More fundamentally, the Court of Appeal noted that the phrase “exceptional circumstances” should be given its ordinary meaning and so whether or not a set of circumstances were exceptional was a question of fact for the FTT to decide.1 This is highly significant because it means that the finding of fact that routinely happens at the stage of a FTT hearing, and is rarely overturned on appeal, will be of paramount importance to future cases involving potentially exceptional circumstances.
Another specific concern raised by HMRC (and accepted by the UT) was that the FTT had not considered whether the exceptional circumstances were satisfied on each day in respect of which the exemption was claimed. However, Nugee LJ noted that “It is true that [the exceptional circumstances test] has to be applied to each day in question. But sometimes it may be quite obvious that it is unnecessary to give separate consideration to each day.”

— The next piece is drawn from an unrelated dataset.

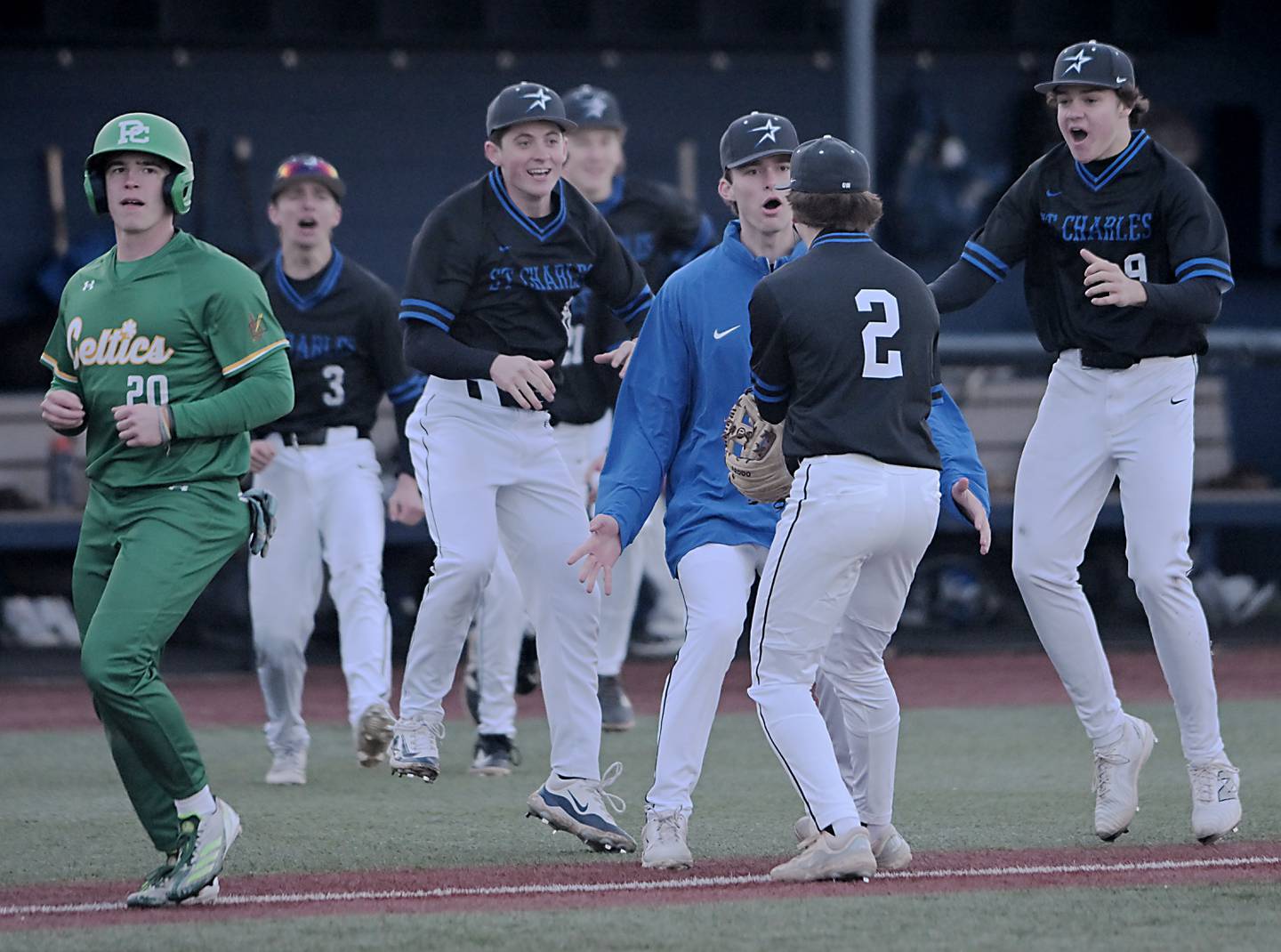 The St. Charles North bench greets pitcher Ben Auer after he finished the game against Providence Catholic in a baseball game at Wheaton College on Tuesday, March 25, 2025.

Having noted this point, he highlighted a key (and sometimes overlooked) part of the exceptional circumstances test, namely that “it will usually be helpful for the FTT to consider what is said to have changed when P does leave the UK as this will, as the UT says, tend to shed light on whether P was until then prevented from leaving by exceptional circumstances.” Whilst it may be obvious when exceptional circumstances begin, it is rarely as easy to identify when they have come to an end.
[1] This followed the well-established distinction between questions of law and questions of fact in Edwards v Bairstow [1956] AC 14, which determines the extent to which a decision at first instance can be appealed.